I was able to turn my side gig into my full-time job after one year. I am no side hustle pro, but I do want to share with you my top 5 tips for turning your side gig into your full-time career.
1. Start With A Skill You Enjoy
Since you will be doing the side gig in your off-hours, it needs to be something you actually enjoy doing. This might mean you need to test out a few side hustles before you land on the right one. I ran my own photography business, had a podcast, and even tried my hand at tech reviews on YouTube in the phone camera niche. While all of these side gigs were important to my growth, I was not going to become a side hustle pro at all of them.
For example, my photography business helped me through college, including grad school. While I still love and will always be taking photographs in some form, working with brides every weekend was not something that brought me joy. I was trying to monetize something I needed to keep for myself as a hobby and art form. Once I realized this, I let this side gig go and moved on to try something else.
2. Take Your Time To Scale & Keep Your Day Job
As you try out your skills, it’s important that you’re still making money. You’ve still got to pay those bills! You won’t hear me telling you it is time to quit your day job and jump in headfirst. While I think you should pursue your dreams and turn your side hustle profession into your day time business, you’ve got to keep a financially healthy balance. So take your time in scaling your side gig. Build a client base and brand you can count on.
In my case, it took me a year of scaling once I had found my ideal side hustle before I quit my day job. While many things went into this decision, I made sure I was replacing my teacher paycheck for three solid months and that my partner and I were ready for the financial implications of me quitting my job (i.e. losing health insurance and no longer being eligible for PSLF student loan forgiveness).
3. Create Systems for Tracking Your Side Gig Metrics
Not only do you need to track your additional income so you can pay your quarterly taxes, but you also want to track your clients, pitches, hours, expenses, and invoices paid. It is a good idea to set aside time and create a tracking and organization system for your side gig that works for you.
I have a spreadsheet called “Records” where I track my clients, the project, deposits, and the date paid. In addition, I keep a spreadsheet for business expenses. I utilize Quickbooks for invoicing and additional expense tracking because it will automatically calculate my quarterly tax payments. In addition, when I was first building my side gig, I used “Clockify” which is a free time tracking website and app. This helped me understand how much time I was spending on specific projects and raise my rates if needed.
4. Templates and Scripts Will Be Your Friends
Side hustle pros will tell you, templates and scripts are the keys to staving off burnout. Purchase or create your own templates and scripts to save you time. You still have a job, family, friends, and maybe even fur babies who need your attention. Try to keep the balance.
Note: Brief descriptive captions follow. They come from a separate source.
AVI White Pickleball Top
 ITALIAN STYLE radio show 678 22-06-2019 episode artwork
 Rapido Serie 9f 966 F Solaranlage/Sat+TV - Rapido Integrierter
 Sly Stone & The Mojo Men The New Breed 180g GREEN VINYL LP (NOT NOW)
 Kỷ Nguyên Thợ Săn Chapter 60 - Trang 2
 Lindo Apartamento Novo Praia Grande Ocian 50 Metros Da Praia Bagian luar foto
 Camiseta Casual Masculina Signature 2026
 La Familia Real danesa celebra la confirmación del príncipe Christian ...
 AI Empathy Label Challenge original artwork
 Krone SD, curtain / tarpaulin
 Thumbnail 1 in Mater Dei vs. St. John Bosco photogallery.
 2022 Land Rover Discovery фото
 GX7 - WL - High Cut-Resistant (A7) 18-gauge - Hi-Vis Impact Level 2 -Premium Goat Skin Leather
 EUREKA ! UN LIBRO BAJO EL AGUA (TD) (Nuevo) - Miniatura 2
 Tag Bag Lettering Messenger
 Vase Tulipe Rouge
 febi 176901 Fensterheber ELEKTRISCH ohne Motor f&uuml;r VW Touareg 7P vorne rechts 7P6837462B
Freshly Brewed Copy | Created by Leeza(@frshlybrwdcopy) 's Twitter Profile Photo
Some of the best time saving templates and scripts I used at the start of my side gig growth were:
- A client welcome packet with all my services I could send in reply to client inquiries
- Email scripts for clients who forgot to pay or have not paid
- A testimonial request scripts I could send to happy clients
- A good contract and free signing software (HelloSign is free for three contracts a month)
- Free scheduling software like Calendly
- Social media templates for my social channels (you can use Canva for free)
5. Be Willing to Take On Another Side Gig (What?!)
Once you take the leap and quit your day job, take the time to celebrate, but don’t forget that every business has ups and downs. I had a couple of side hustles when I first quit my day job. Part of it was because I was nervous and needed stability, but I also wanted to make sure I was always staying ahead financially.
You may realize that you need to supplement your side gig turned career income with another side gig. There is no shame in having a side hustle as a freelancer or small business owner. It does not mean you failed, it means you’re taking control and avoiding taking out debt in order to continue to grow your business.
Lastly, The Side Gig Life Is Not For Everyone
I’ll be the first to say that freelancing full time and turning that into a business is HARD WORK. Not only do you need the passion for it, but you also need the stamina- which are two different things once ‘time’ gets its hand on you. It’s ok if you don’t want to own your own business. It’s ok if you tried some side gigs and decided you did not want to be a side hustle pro. While additional income streams are important for building your wealth, there are other ways you do that without having a service or product based offering.
No matter what you decide, I am rooting for you and your financial success!